とはいえここまで作っておいて今更後に引けるはずもなく、オレ達はいそいそとケーキの仕上げに入ったのだった。
+++
「え、バレンタインデーのお返しにみんなでケーキを作ったの!?」
あれから二時間後。曽根崎さんの事務所には、バレンタインデー組である面々が勢揃いしていた。
ケーキと聞いた景清は、なんだかワクワクしているようである。
「しかもみんなでって事は阿蘇さんもいるんだよね。じゃあ味に間違いはないし、楽しみだなぁ」
「へ、へへへへ……」
「え、なんだよ三条。それどういう反応?」
で、完成品を知るオレはというと景清と視線を合わすことすらできないでいた。ごめん我が友、多分お前の想像には沿えない。
そんなオレの気まずい態度を察してくれたのか、彼の叔父である藤田さんが助け舟を出してくれる。

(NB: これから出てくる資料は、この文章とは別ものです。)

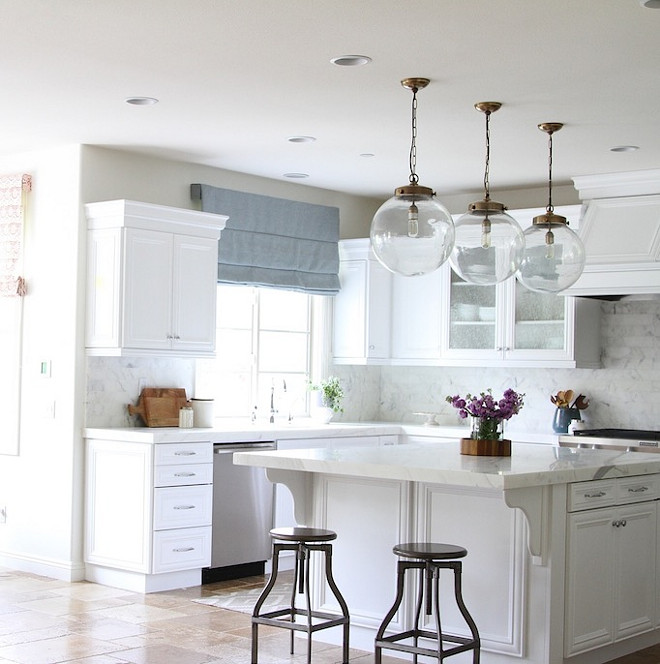 One of my favorite elements of the kitchen are the glass, globe, pendant lights. I love the mix of the metals in the kitchen from the antique brass on the lights. #Kitchenpendants #Globependants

「オレもすごく楽しみだよ、ありがとうね三条君。ところで景清、お前はどんな種類のケーキが好き?」
「そうですね、やっぱクリーム……あ、でもなんでも好きです。なんでも食べます!」
「ふふん、ボクはチョコの気分だわ! みっちゃんはイチゴが好きよね!?」
「は、はい! で、でも、私もなんでも……!」
柊ちゃんに華やかな笑顔を向けられた大江ちゃんが、あわあわと答える。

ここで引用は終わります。